Pour le porte-parole libéral en matière de Patrimoine, Denis Coderre, la triste histoire de TQS prouve que cela n'est pas suffisant.
Le député de Bourassa trouve dommage qu'on en soit venus à considérer l'information comme une marchandise. Il dénonce aussi la "centralisation" de l'information dans les grands centres et principalement à Montréal et Toronto.
C'est pourquoi il a présenté à une motion stipulant que "de l'avis de (la) Chambre, le maintien d'un service d'informations produites localement ou régionalement doit faire partie des conditions d'exploitations des titulaires de licences de télévisions généralistes".
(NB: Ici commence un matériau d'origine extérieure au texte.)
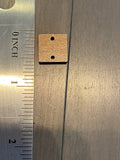 Connector - Round/Diamond/Rounded Diamond Wood Blank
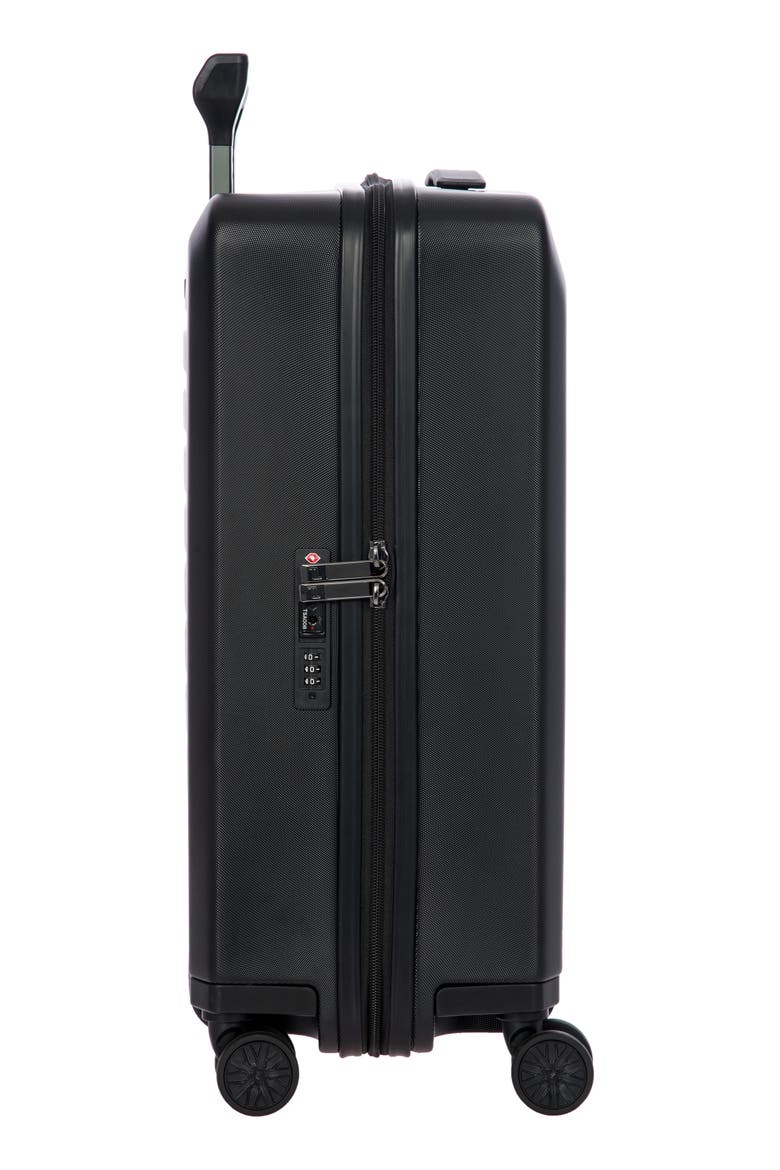 Voyager 21-Inch Hardside Spinner Carry-On Luggage, Alternate, color, BLACK MATTE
Même s'il a appuyé le texte, le gouvernement continue à dire qu'il ne souhaite pas s'immiscer dans la transaction privée entre les anciens propriétaires de TQS et la société Remstar, qui souhaite acquérir le réseau.
Les conservateurs sont cependant d'accord avec le principe que défend la motion, a indiqué l'attaché de presse du premier ministre, Dimitri Soudas.
Une motion semblable émanant du Bloc québécois a aussi été adoptée à l'unanimité cette semaine par le comité permanent du Patrimoine.
Pour la bloquiste Maria Mourani, la fermeture de services de nouvelles en région porte atteinte au droit des citoyens d'être informés de ce qui se passe chez eux et nuit à la diversité des voix en information.